Moab Tutorial 2: Robust Balancing via Domain Randomization

In Tutorial 1, you taught an AI to balance a ball on a plate. If you deployed it on real hardware, you observed that it works, but does not react very quickly, and it's easy to push the ball off the plate. In this tutorial, you will teach an AI to balance a ball more robustly.

Total time to complete: 60 minutes
Active time: 20 minutes
Machine training time: 40 minutes

Prerequisites: To complete this tutorial, you must have a Bonsai workspace provisioned on Azure. If you do not have one, follow the the account setup guide.

Outline

Step 1: Intro to Domain Randomization
Step 2: Choose Physical Parameters to Vary
Step 3: Start a New Brain
Step 4: Using Lessons to Implement DR
Step 5. Implement New Lesson
Step 6. Experimentation Tips
Step 7: Assess Performance of the Trained Brain
Step 8 (optional): Export and Deploy
Next steps

Step 1: Intro to Domain Randomization

Training an AI in simulation is much easier and faster than training on real hardware: there are no safety concerns, and no need to build, maintain, and continually reset physical training environments. Many simulators can be run in parallel at low cost, making training a much faster process. However, there is a risk of training in simulation: a simulation almost never captures every aspect of the real world, and there is a tradeoff between simulator fidelity and its cost and simulation speed. If the AI learns to take advantage of imperfections in the simulation, it can work very well in simulation and poorly when deployed. This is often called the sim-to-real gap.

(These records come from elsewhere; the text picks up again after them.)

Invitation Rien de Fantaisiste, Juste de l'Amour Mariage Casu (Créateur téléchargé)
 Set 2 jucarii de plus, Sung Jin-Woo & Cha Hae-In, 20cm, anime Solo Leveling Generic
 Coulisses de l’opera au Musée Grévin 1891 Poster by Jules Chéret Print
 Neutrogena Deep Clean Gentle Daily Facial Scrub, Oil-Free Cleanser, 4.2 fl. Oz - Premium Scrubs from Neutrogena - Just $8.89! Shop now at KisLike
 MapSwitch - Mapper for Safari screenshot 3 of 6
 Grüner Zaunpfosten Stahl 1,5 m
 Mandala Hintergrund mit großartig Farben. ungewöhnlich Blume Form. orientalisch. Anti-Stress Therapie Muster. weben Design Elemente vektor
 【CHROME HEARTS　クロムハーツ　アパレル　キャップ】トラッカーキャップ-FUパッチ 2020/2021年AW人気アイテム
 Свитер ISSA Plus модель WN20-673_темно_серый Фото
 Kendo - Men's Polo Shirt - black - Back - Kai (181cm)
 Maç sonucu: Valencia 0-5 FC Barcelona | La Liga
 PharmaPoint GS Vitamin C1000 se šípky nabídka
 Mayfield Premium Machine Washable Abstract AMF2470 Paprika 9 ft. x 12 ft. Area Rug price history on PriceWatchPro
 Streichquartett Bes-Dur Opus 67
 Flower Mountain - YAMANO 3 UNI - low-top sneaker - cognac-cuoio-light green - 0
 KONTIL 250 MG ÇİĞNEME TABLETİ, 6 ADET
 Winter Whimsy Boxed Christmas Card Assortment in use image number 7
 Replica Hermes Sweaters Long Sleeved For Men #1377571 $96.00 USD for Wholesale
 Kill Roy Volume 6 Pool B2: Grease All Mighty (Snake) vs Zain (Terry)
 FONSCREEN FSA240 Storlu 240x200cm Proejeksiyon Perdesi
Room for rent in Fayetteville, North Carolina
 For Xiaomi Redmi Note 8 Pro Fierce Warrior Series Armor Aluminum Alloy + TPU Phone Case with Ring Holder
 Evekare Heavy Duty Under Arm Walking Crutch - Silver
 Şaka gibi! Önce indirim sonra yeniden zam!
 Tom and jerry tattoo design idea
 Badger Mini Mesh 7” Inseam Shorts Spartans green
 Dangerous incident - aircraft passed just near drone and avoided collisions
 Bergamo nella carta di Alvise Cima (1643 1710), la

This tutorial will use a technique called Domain Randomization (DR) to address the sim-to-real gap. DR works by introducing extra variability into the simulated environment during AI training. By doing so, the AI must learn a strategy that works in scenarios with different properties. This increases the chance that the trained AI will perform well in the real-world environment.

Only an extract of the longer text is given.